[Caption-style text data]
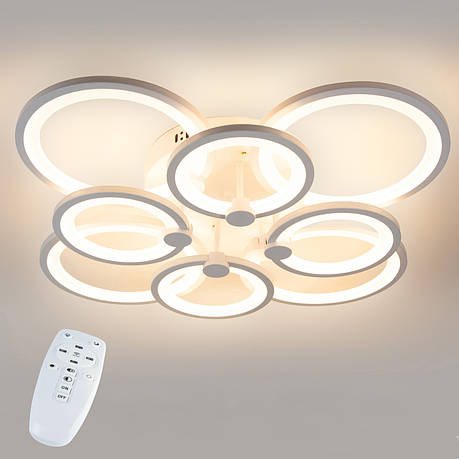 Стельова LED люстра, світлодіодний світильник Sunlight білий 5332/4+4, фото 1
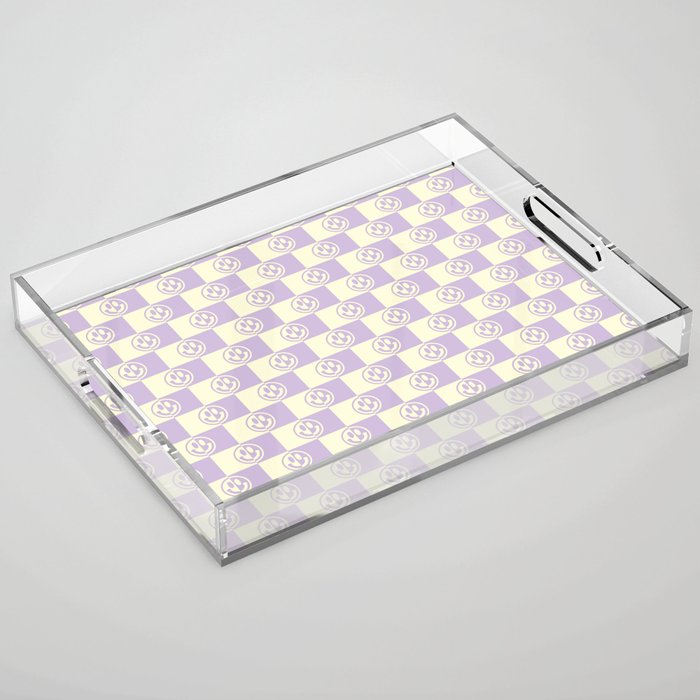 Smiley Faces On Checkerboard (Yellow Beige & Lilac)  Acrylic Tray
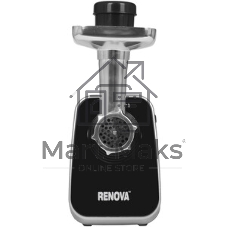 Мясорубка электрическая Renova MG260-R1BP черный, 2600 Вт, 2.5 кг/мин, реверс, защита от перегрузки, металлический лоток, насадки - 7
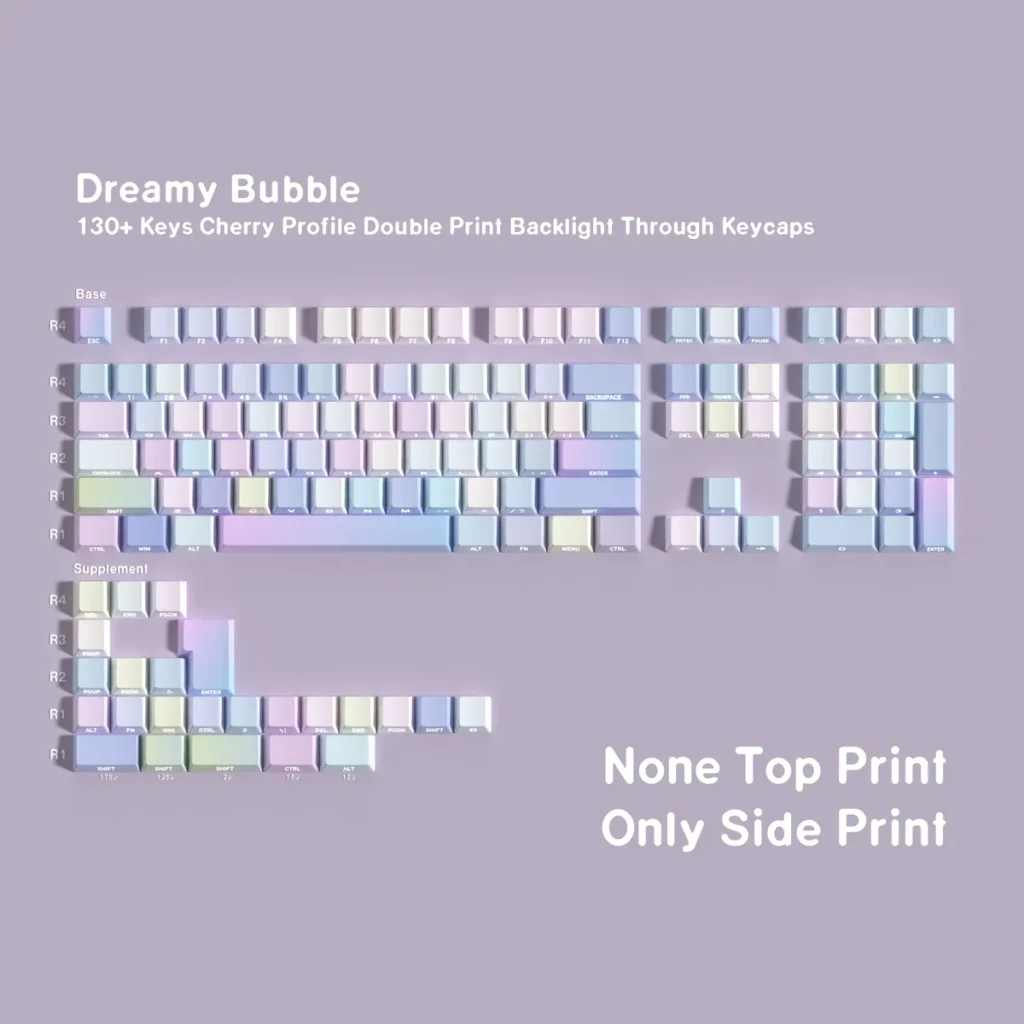 Side profile of Cherry profile Dreamy Bubble keycaps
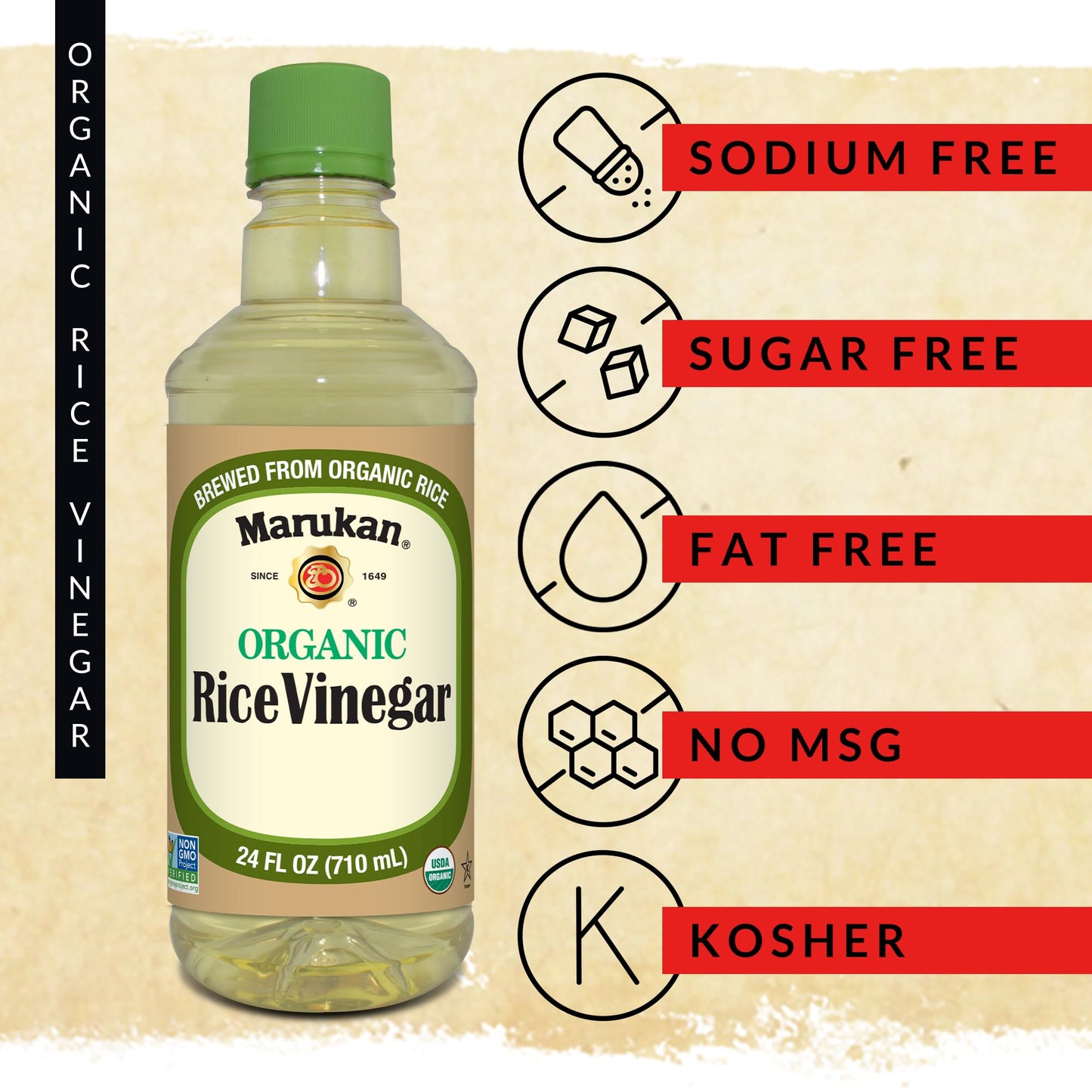 Marukan Organic Unseasoned Rice Vinegar, 128 Fl Oz, Model VC-a3-79110, Pack of 1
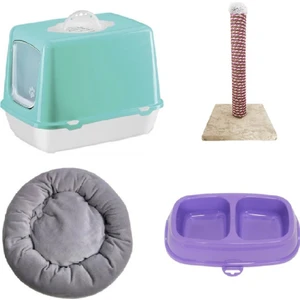 GND Pet Kedi Başlangıç Seti Kedi Tuvaleti 37X50X40CM 40CM Tırmalama Yatak Ikili Mama Kabı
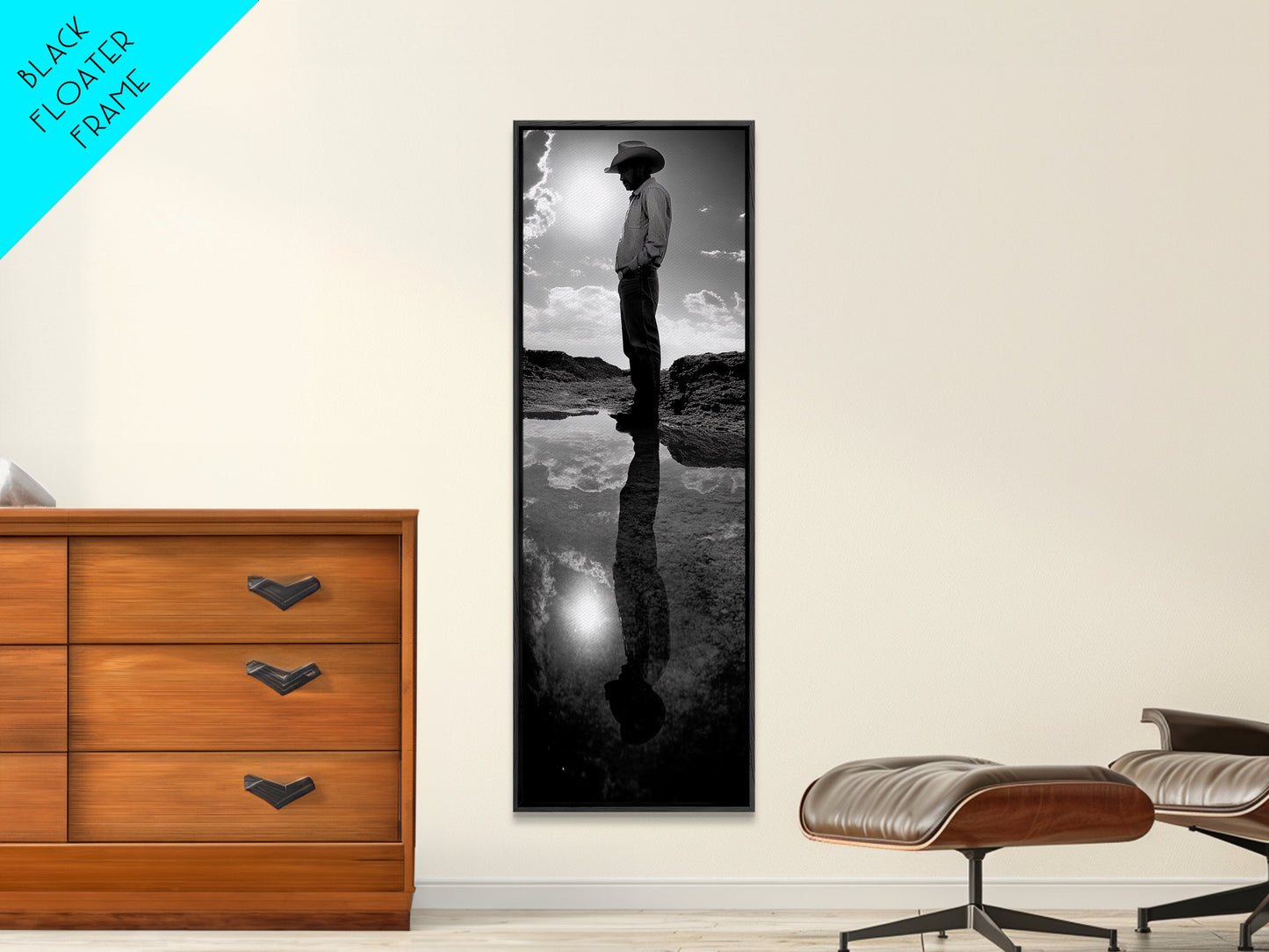 Lone Cowboy, Spiegelungsfotografie, gerahmter Leinwanddruck, rustikale Kunst, stimmungsvolle Wandkunst, extra breites Kunstwerk, Südwest-Wandkunst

TASK DIRECTIONS. Restate all entries exactly; pictures stay out.

RESULT OF THE EXERCISE.
 Стельова LED люстра, світлодіодний світильник Sunlight білий 5332/4+4, фото 1
 Smiley Faces On Checkerboard (Yellow Beige & Lilac)  Acrylic Tray
 Мясорубка электрическая Renova MG260-R1BP черный, 2600 Вт, 2.5 кг/мин, реверс, защита от перегрузки, металлический лоток, насадки - 7
 Side profile of Cherry profile Dreamy Bubble keycaps
 Marukan Organic Unseasoned Rice Vinegar, 128 Fl Oz, Model VC-a3-79110, Pack of 1
 GND Pet Kedi Başlangıç Seti Kedi Tuvaleti 37X50X40CM 40CM Tırmalama Yatak Ikili Mama Kabı
 Lone Cowboy, Spiegelungsfotografie, gerahmter Leinwanddruck, rustikale Kunst, stimmungsvolle Wandkunst, extra breites Kunstwerk, Südwest-Wandkunst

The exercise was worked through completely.